━━━ DATA TO USE

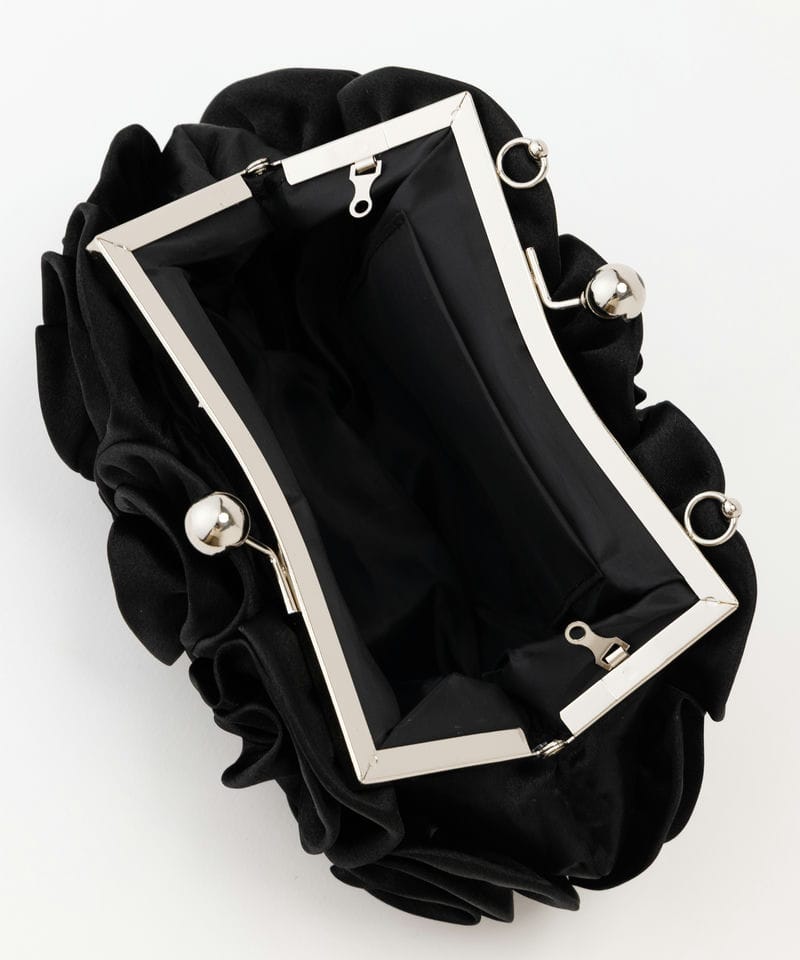 画像：濃い色のバッグ見本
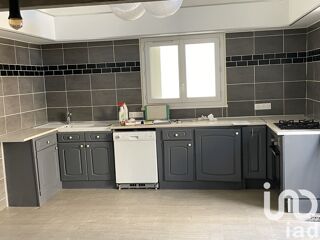  Maison � vendre 7 pi�ces 248 m�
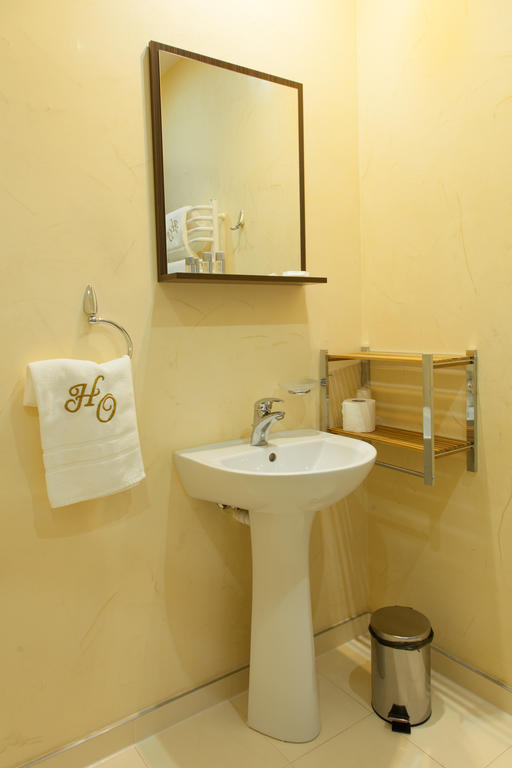 Hotel Ostrawa Wodzisław Śląski Ruang foto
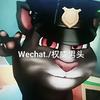 不要秃头的智慧女孩头像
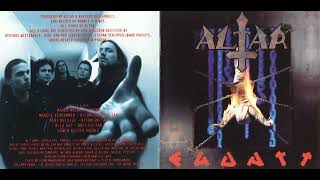 Altar - Ego Art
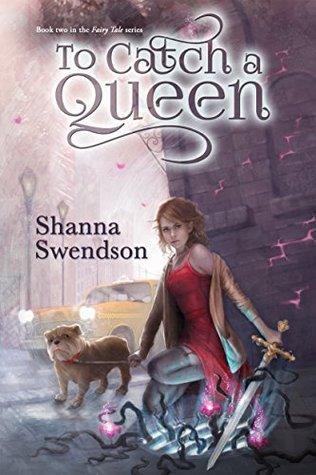 To Catch a Queen book cover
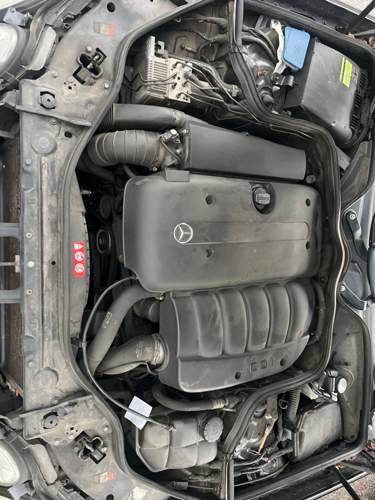 Motor Übersicht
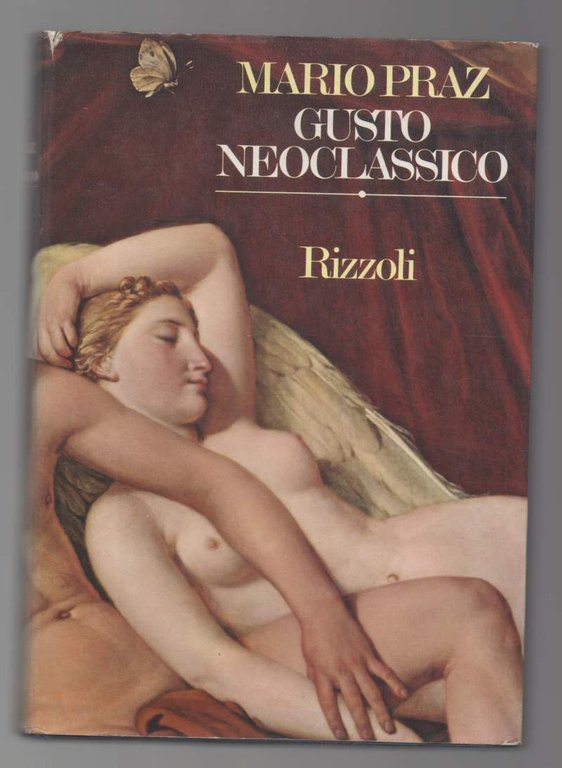 GUSTO NEOCLASSICO (1974)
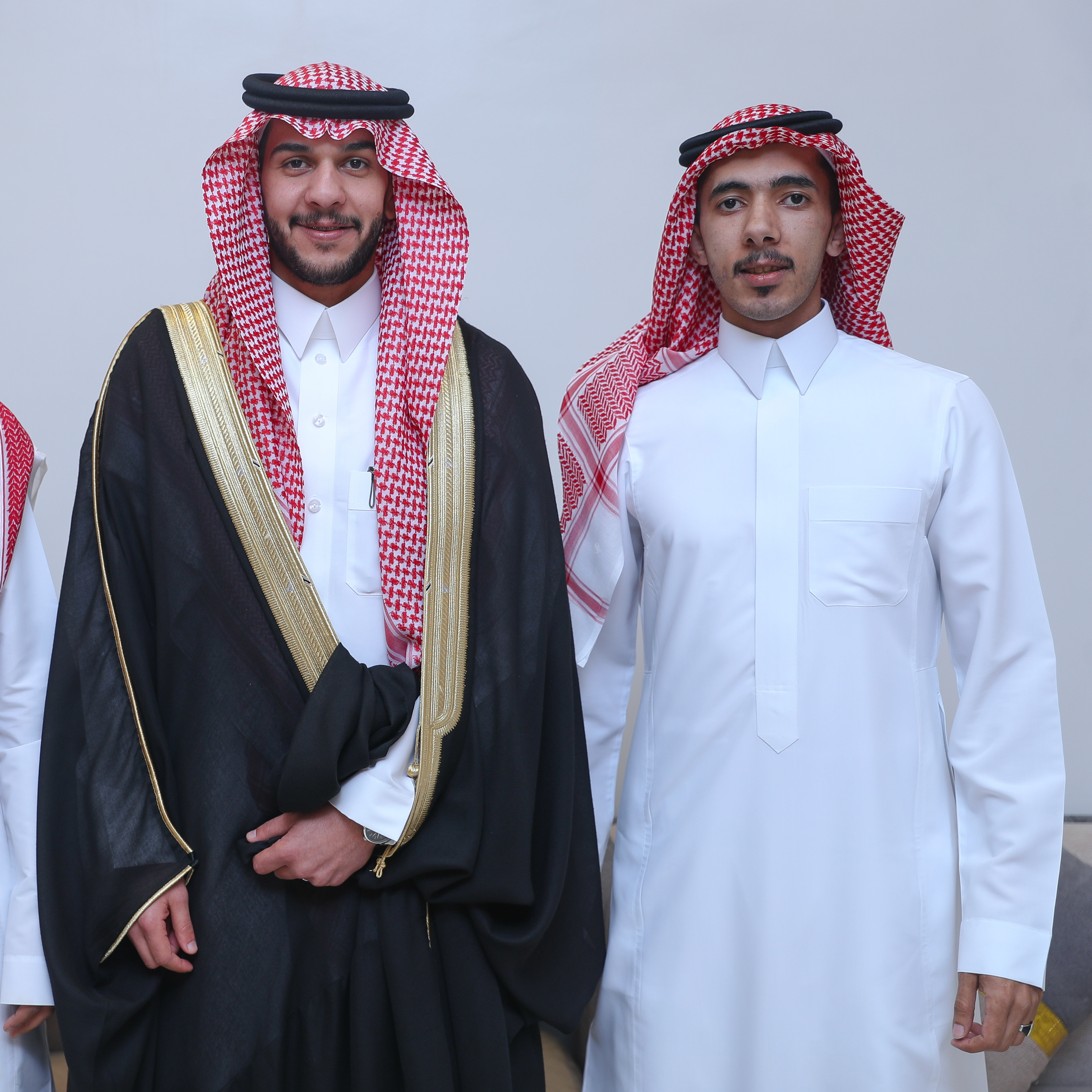 صورة 18 من زواج ( العمار & الدخيل الله )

━━━━━━

● **THE TASK**
In your reply, every line of the material should appear exactly as written, and no picture should.

● **SOLUTION**
 画像：濃い色のバッグ見本
  Maison � vendre 7 pi�ces 248 m�
 Hotel Ostrawa Wodzisław Śląski Ruang foto
 不要秃头的智慧女孩头像
 Altar - Ego Art
 To Catch a Queen book cover
 Motor Übersicht
 GUSTO NEOCLASSICO (1974)
 صورة 18 من زواج ( العمار & الدخيل الله )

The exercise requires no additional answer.